This week’s newsletter is from Henry Lee. Henry is an innovative interdisciplinary designer and researcher with a passion for creating human-centered experiences through a blend of research and design intelligence.
Creatives often face an unknown future.
Sometimes because we will define it through new design styles and paradigms, and sometimes because it is going to be defined for us through new tools, user wants, or delivery vehicles. Because of this, it can be hard to know how to best prepare for the future.
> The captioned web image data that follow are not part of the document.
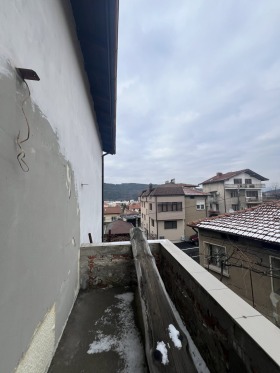 ������� ���� �� ���� | Imot.bg � ����� ������ 3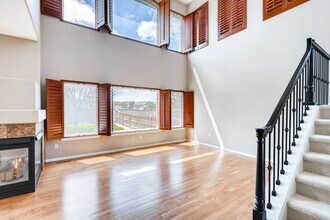 3246 Astorbrook Way in Littleton, CO - Building Photo - Building Photo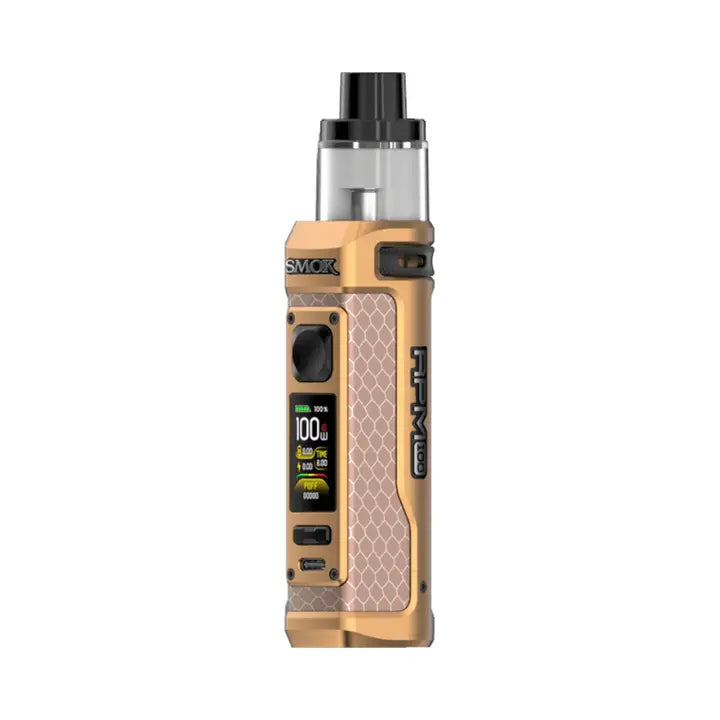 SMOK RPM 100 Pod Mod Kit Vape Wholesale Supplies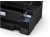 Epson L14150 (A4, струйное МФУ, 33стр/мин, 5760 optimized dpi, 4краски, USB2.0, WiFi)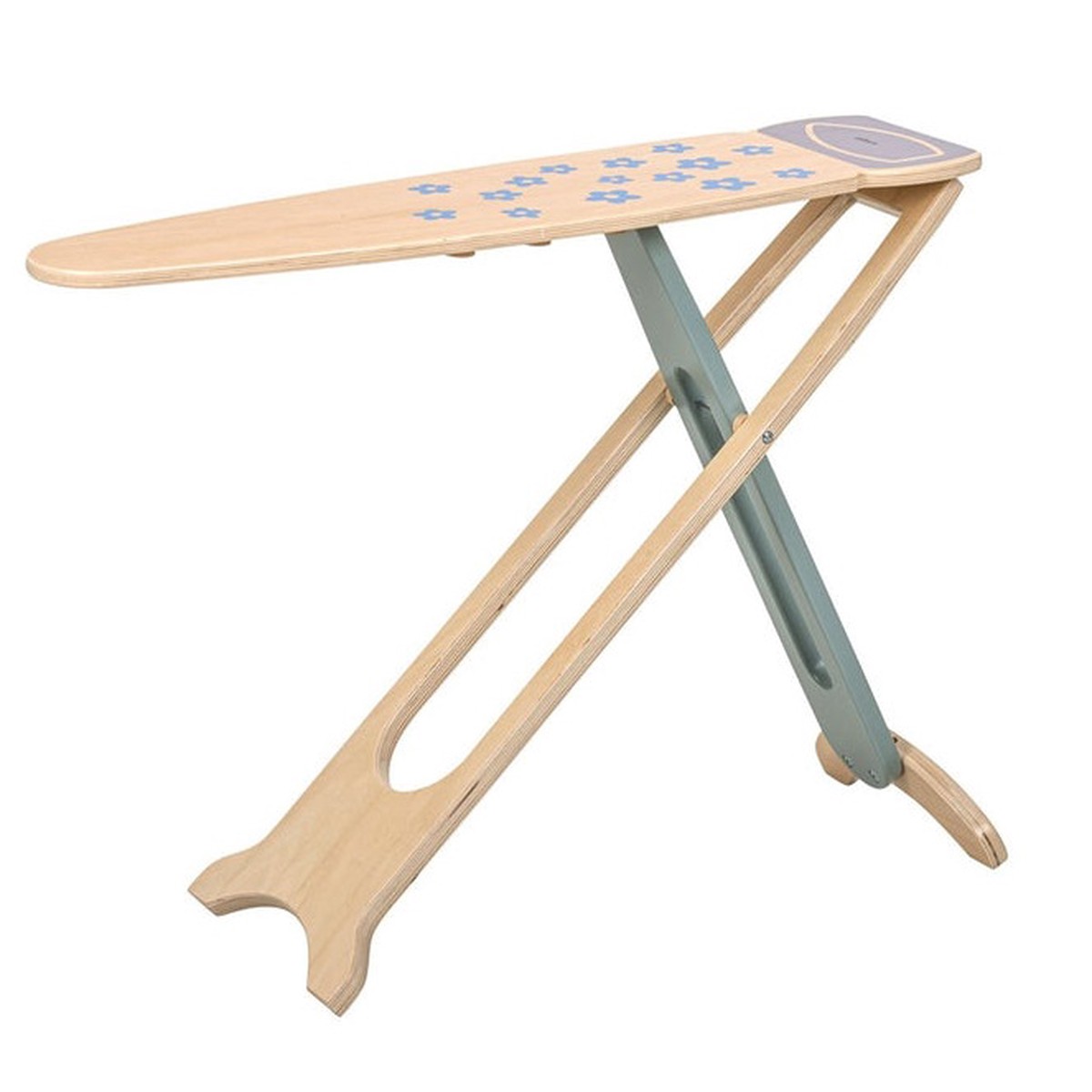 Educo Ironing Board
New tools, software, methods, and trends are all a part of those possibilities.
In recent years, AI has presented creatives with an endless supply of uncertain futures, even threatening creativity as a future endeavor altogether.
In order to prepare for this, Futures Thinking can help make sense of it all.
Futures Thinking, or Futures Studies, is a set of tools, methods, and mindsets that encourage a proactive rather than reactive stance, allowing us to partially predict and pivot accordingly rather than simply react to the futures creatives face. Whether or not you choose to incorporate AI into your work, it will inevitably affect your work, and it is best to contend with it now instead of later.
In this article, I will share a few methods and exercises you can undertake to utilize Futures methods to prepare yourself for AI. These methods are already established and used regularly in Futures Thinking circles, but I’ve tweaked them to suit present needs. Adapt them according to your specific design processes.
The Futures Cone Applied to Your Design Process
Recently, I had the opportunity to be a Visiting Fellow at Georgetown University. I examined the intersection of creativity, AI, Futures, and policy-making. One of the workshops I prepared and directed for the university employed a slightly modified version of the futures cone, seen in Figure 1. For those unfamiliar with the concept, the Cone visualizes four kinds of possible futures emanating from the present. The futures are:
Possible: the future that we think ‘could happen’
Plausible: the future we think might occur based on current knowledge
Probable: the future that is rooted in the present, in current trends
Preferable: a future we would like to have happen
The user of the cone chooses a time frame, usually somewhere between 5 to 50 years, and then begins mapping out possible multiple futures in relation to a specific topic. In order to prepare for the future of creative AI I suggest completing this exercise in the context of your design process and how AI will affect it.
For example, you could choose “sketching” as your topic, if you sketch often in your creative process. Then develop a timeframe and come up with a number of future possibilities.
What will sketching look like in a preferable future in 10 years when we consider the impact of AI?
What will sketching look like in a possible dystopian future in 10 years?
How will these futures impact your process of sketching?
Print out Figure 1, or place it on a digital whiteboard, and work from there.
Backcasting a Preferable Future
A method I tend to pair with the futures cone is backcasting, which isn’t usually concerned with predicting the future, but instead determining how to arrive at a certain future scenario by determining the steps to arrive at the preferable future.
Once a set of futures scenarios has been established through the futures cone, single out the preferable future and backcast it:
If we are to attain a specific future scenario, what actions do we need to take now to arrive there?
What actions do I need to take in a month, a year, or five years?
If your future preferable scenario includes AI, how can you take steps now to incorporate it into your process?
It could be as simple as taking half an hour today to search for AI tools that fit into your creative process. Or, if your preferable future leans heavily into creative AI regulation, a step you could take today is to review current AI regulations and determine what you can do to help those regulations grow.
Conclusion
Jim Dator, a founding futurist, said, “Most people assume there is a single future ‘out there’ that can be accurately identified beforehand. That might have been a reasonable assumption a long time ago, but it is not a good bet now.” It is important that creatives plan for multiple futures and acquire a vision for how they can respond to those futures, especially concerning AI.
The futures cone and backcasting are two methods that can be used to determine these futures and help you prepare. Whether or not you choose to incorporate AI into your work, it will inevitably affect your work, and it is best to contend with it now instead of later.